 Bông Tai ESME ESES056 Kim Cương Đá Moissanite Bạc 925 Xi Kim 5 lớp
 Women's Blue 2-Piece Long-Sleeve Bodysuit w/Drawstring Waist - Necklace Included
...
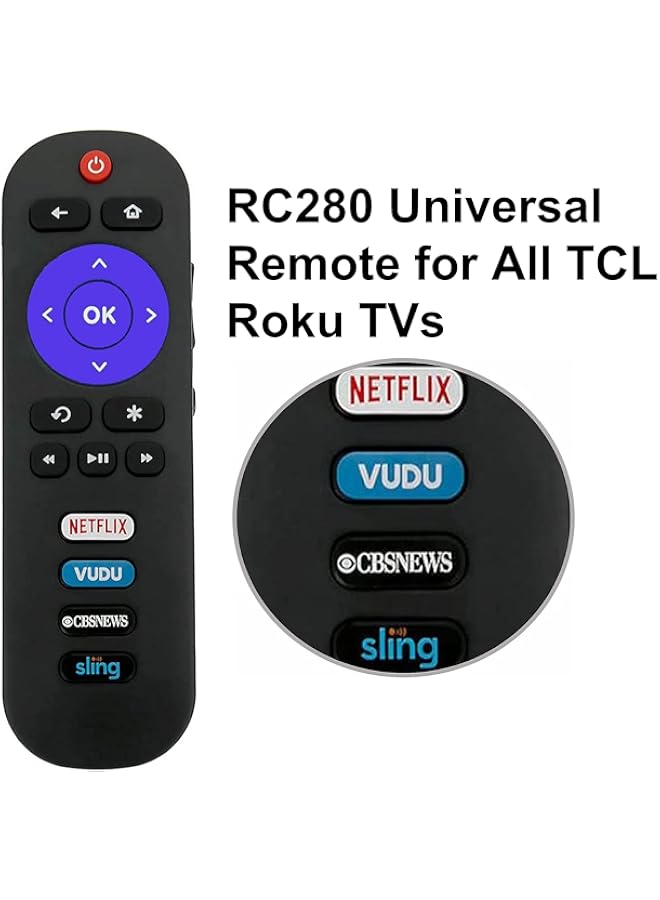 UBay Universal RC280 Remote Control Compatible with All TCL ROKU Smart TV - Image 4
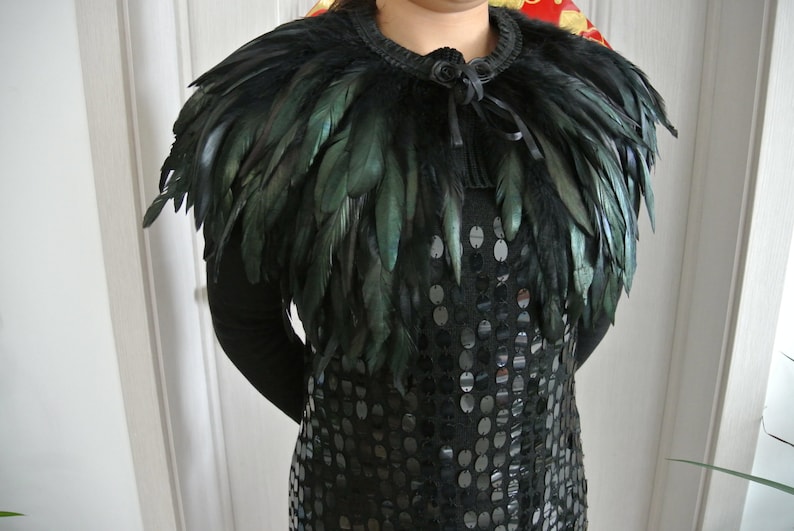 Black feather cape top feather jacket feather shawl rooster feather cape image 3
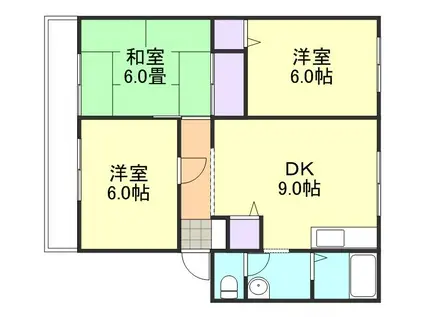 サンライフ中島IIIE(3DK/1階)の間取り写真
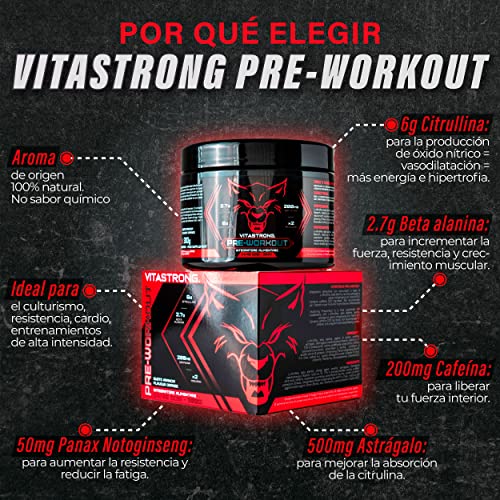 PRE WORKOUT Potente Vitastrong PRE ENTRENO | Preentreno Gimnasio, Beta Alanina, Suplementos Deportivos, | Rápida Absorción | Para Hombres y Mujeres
--
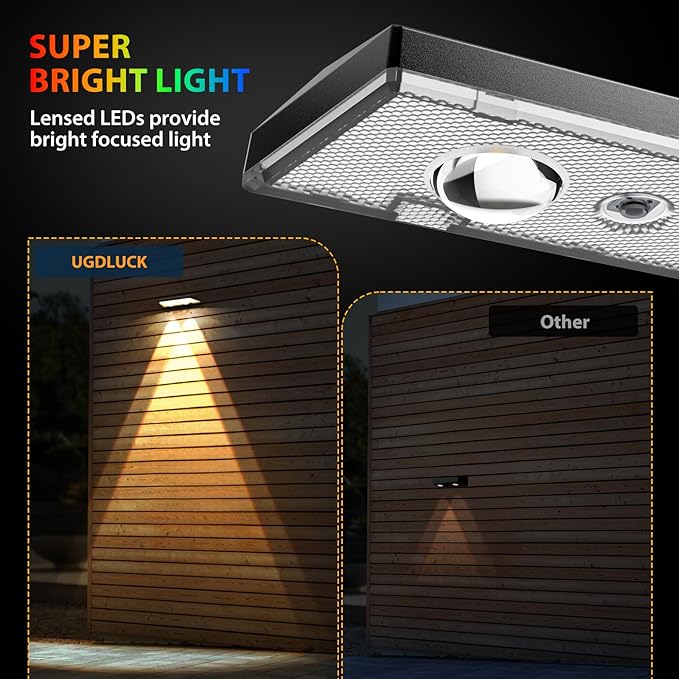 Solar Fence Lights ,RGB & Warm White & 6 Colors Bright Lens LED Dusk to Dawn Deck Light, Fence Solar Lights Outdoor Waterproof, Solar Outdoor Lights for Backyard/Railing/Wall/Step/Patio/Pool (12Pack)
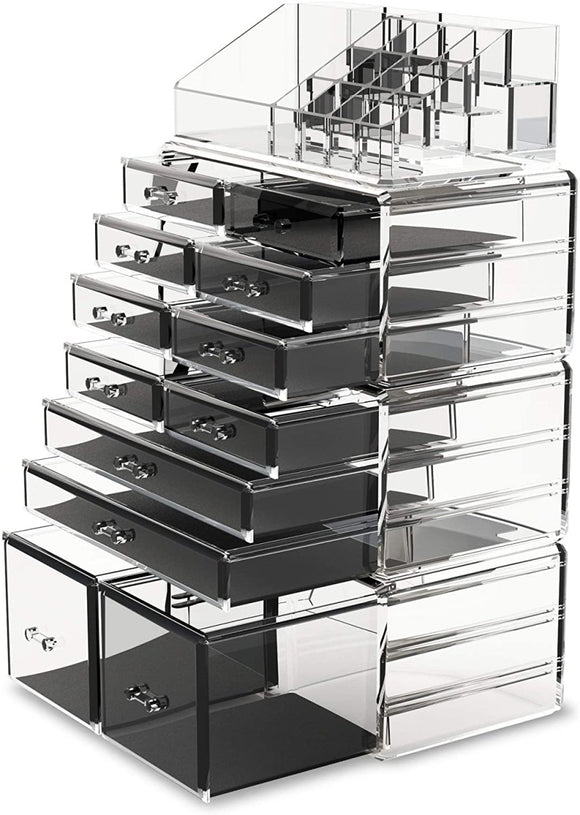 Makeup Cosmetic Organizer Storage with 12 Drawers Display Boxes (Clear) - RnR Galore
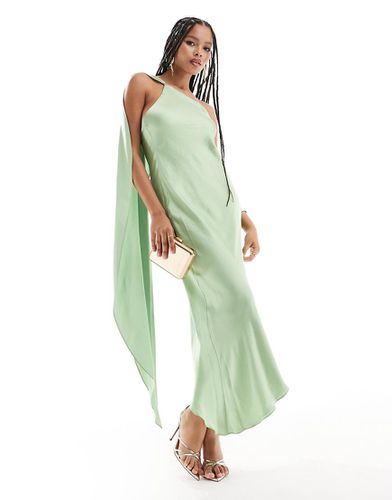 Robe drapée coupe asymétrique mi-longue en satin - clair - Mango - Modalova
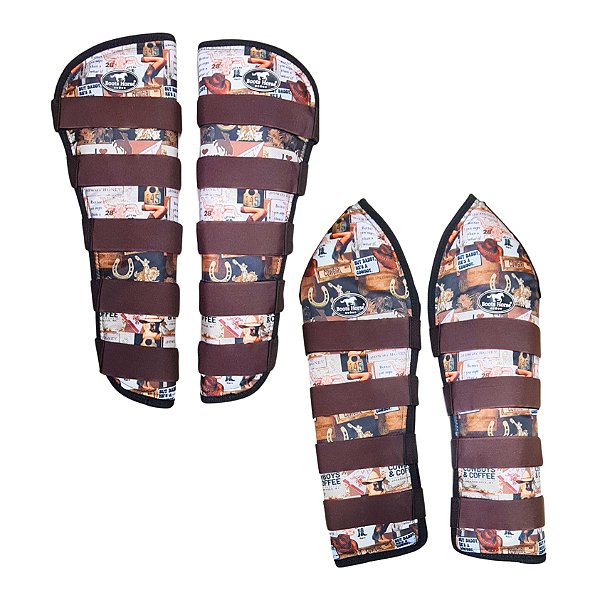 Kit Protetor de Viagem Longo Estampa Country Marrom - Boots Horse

### Task requirements
When the line with "Bông Tai ESME" is reached in the data above, begin copying, and stop after the line with "Women's Blue 2-Piece"; copy each line exactly, both ends included.

### Written solution
 Bông Tai ESME ESES056 Kim Cương Đá Moissanite Bạc 925 Xi Kim 5 lớp
 Women's Blue 2-Piece Long-Sleeve Bodysuit w/Drawstring Waist - Necklace Included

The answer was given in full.